I also, to some extent, understand the argument that boxing clubs can be good for kids, or adults for that matter, giving them purpose and a safer place to channel their aggression. It has also been an effective form of social mobility, but it isn’t unique in this and it doesn’t make such organised violence morally right. The Nazis gave people employment; a good consequence from an ultimately bad thing does not justify it. There are other ways of creating the good outcomes, without the bad. Any physical sport (or creative outlet or apprenticeship even) could achieve this same solution; surely the encouragement to hone the craft of punching other humans in the face isn’t for the best in the long run.

Of course, importantly, both participants in a boxing match are fully consenting. If they want to fight, what is the problem? If this fighting stayed between the two participants, I could accept (though not really understand) this more, but it is all on such a grand and popular stage. One problem is that people are enjoying this; actively enjoying seeing violence between one human and another; actively cheering that a person has been knocked unconscious, in the same way that they would if a footballer scored a winning goal. Another problem is that these boxers are held up as role models – heroes even – for kids to admire and aspire to be. “What do you want to do when you’re older, little Timmy?” “Punch other guys for a living, Daddy!” It’s absurd.
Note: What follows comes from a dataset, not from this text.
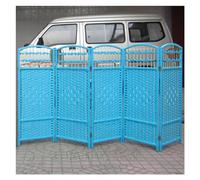 Portable Folding Room Divider - 4 Panel Weave Screen for Living Room Office Study Dorm - Freestanding Privacy Partition Wall Blue 47.2x15.7in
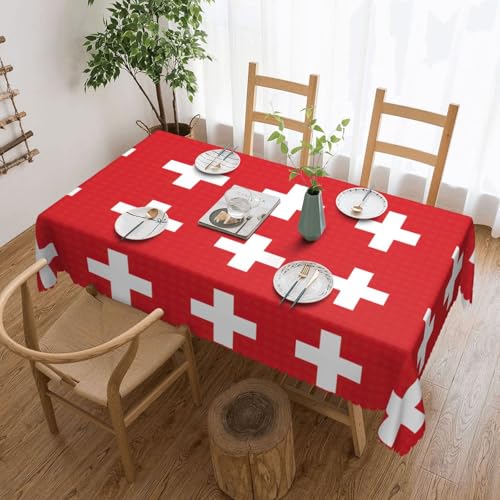 Evengigy Tischdecke mit Schweizer Flagge, bedruckt, Tischtuch, Küchentischdecke für rechteckige Tische Evengigy Tischdecke mit Schweizer Flagge, bedruckt, Tischtuch, Küchentischdecke für rechteckige Tische von Evengigy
This sport is one of the many things that is so accepted, most people don’t even give it a second thought. This has been the case down the ages with moral and ethical issues, until enough people stand up and go “hold on a minute…” Abhorrent things, such as slavery and women not having the vote for instance, were so woven into the fabric of society at the time it was difficult for people to snap out of it. Boxing is on a lower scale to those things, but it is surely worth analysing as an important part of the human race’s unhealthy relationship with violence.

Boxing joins currently accepted absurdities to ethics, such as eating meat and dairy, newspapers and politicians going unpunished for blatantly lying, and the ever-increasing wealth inequality. I am sure we will get there eventually with these things. But, hey, perhaps not.